The lines needed are those below that contain the word "Westfield"; copy each one.

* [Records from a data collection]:
╭──

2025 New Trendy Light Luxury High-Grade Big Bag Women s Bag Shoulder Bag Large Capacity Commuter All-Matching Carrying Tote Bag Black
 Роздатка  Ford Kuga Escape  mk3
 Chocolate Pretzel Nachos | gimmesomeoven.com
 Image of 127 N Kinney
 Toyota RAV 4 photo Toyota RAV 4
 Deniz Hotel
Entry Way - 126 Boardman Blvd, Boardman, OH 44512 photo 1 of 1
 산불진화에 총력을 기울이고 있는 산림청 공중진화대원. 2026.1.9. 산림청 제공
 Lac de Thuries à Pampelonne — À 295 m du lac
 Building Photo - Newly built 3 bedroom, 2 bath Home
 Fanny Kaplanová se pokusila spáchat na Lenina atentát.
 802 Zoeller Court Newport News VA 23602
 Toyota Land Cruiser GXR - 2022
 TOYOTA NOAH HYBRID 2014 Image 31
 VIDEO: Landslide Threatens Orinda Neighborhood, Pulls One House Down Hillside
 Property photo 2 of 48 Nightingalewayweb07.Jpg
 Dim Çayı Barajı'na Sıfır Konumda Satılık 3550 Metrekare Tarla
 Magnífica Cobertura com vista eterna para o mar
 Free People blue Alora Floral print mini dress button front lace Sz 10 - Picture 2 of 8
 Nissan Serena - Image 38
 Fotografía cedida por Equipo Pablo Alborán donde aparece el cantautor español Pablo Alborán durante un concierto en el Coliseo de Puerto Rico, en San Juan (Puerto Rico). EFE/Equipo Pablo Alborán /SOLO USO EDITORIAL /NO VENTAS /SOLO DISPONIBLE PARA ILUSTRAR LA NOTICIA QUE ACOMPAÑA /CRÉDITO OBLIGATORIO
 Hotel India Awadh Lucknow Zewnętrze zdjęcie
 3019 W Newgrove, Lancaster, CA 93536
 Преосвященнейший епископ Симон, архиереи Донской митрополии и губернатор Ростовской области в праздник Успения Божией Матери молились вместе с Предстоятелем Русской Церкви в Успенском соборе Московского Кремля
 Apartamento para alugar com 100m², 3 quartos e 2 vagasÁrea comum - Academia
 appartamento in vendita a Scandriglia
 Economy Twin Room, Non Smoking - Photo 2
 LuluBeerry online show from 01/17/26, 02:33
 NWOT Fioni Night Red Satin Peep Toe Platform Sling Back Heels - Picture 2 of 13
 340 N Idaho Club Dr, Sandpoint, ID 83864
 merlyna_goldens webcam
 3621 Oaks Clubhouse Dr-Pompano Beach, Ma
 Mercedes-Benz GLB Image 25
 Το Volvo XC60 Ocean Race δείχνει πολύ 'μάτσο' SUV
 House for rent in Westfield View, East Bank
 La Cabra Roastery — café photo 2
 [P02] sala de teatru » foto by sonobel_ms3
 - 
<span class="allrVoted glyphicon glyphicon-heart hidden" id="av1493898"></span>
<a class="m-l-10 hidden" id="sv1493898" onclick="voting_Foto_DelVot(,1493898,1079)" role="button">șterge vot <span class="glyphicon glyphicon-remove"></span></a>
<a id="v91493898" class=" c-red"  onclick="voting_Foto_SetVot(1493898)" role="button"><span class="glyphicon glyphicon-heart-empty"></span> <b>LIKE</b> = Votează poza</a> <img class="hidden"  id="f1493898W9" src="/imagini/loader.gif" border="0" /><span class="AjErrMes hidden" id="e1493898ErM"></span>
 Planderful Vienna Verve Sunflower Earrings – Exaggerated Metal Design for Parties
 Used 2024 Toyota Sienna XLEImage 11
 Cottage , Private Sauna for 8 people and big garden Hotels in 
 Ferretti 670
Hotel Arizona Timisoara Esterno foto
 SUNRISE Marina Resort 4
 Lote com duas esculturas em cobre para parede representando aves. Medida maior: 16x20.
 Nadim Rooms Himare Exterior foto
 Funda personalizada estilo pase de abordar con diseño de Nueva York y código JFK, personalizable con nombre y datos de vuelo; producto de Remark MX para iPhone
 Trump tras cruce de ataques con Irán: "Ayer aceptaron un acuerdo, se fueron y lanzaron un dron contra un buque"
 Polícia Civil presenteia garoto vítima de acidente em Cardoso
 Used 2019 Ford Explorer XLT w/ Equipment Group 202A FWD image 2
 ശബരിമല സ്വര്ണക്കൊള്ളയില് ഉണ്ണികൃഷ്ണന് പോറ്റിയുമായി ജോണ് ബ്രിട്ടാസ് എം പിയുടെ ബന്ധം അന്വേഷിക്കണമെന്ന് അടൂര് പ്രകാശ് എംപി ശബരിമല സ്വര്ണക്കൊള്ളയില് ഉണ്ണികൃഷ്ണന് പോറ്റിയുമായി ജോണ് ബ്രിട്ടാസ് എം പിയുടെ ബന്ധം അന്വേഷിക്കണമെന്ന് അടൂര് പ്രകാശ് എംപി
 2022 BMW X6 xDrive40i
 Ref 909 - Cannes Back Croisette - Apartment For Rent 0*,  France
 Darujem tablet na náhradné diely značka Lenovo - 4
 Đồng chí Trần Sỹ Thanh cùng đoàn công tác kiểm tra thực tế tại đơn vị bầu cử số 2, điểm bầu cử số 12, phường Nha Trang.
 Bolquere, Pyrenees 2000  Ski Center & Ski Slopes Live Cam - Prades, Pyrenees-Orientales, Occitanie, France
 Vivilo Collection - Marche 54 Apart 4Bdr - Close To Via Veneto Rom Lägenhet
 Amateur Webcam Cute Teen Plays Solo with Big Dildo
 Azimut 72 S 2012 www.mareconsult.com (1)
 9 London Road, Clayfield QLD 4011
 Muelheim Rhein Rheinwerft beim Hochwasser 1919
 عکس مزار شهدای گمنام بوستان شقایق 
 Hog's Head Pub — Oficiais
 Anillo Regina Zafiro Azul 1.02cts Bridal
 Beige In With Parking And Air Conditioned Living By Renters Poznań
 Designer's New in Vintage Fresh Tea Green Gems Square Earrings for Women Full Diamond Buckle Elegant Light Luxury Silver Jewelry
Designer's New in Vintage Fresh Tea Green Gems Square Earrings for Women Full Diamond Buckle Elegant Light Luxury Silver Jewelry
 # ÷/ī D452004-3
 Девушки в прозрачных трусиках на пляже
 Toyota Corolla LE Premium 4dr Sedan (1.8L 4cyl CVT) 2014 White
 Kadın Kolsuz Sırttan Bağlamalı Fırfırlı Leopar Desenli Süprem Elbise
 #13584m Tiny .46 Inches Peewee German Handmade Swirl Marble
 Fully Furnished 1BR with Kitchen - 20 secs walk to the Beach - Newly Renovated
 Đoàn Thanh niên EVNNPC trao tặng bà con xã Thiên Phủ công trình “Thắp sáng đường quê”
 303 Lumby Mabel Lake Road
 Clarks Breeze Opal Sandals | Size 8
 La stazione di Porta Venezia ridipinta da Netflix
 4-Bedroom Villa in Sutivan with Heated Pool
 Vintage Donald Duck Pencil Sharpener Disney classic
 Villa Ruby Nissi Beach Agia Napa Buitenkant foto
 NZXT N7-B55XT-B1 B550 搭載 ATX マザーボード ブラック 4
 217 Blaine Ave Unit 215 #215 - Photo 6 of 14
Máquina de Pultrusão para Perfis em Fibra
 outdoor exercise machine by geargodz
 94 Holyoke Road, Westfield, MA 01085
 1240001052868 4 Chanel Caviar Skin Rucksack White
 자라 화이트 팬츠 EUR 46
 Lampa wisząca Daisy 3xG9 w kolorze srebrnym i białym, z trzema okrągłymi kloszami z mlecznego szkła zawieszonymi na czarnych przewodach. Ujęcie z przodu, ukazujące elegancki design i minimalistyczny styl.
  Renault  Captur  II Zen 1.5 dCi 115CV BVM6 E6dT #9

╰──

* [TASK ANSWER]:
 House for rent in Westfield View, East Bank
 94 Holyoke Road, Westfield, MA 01085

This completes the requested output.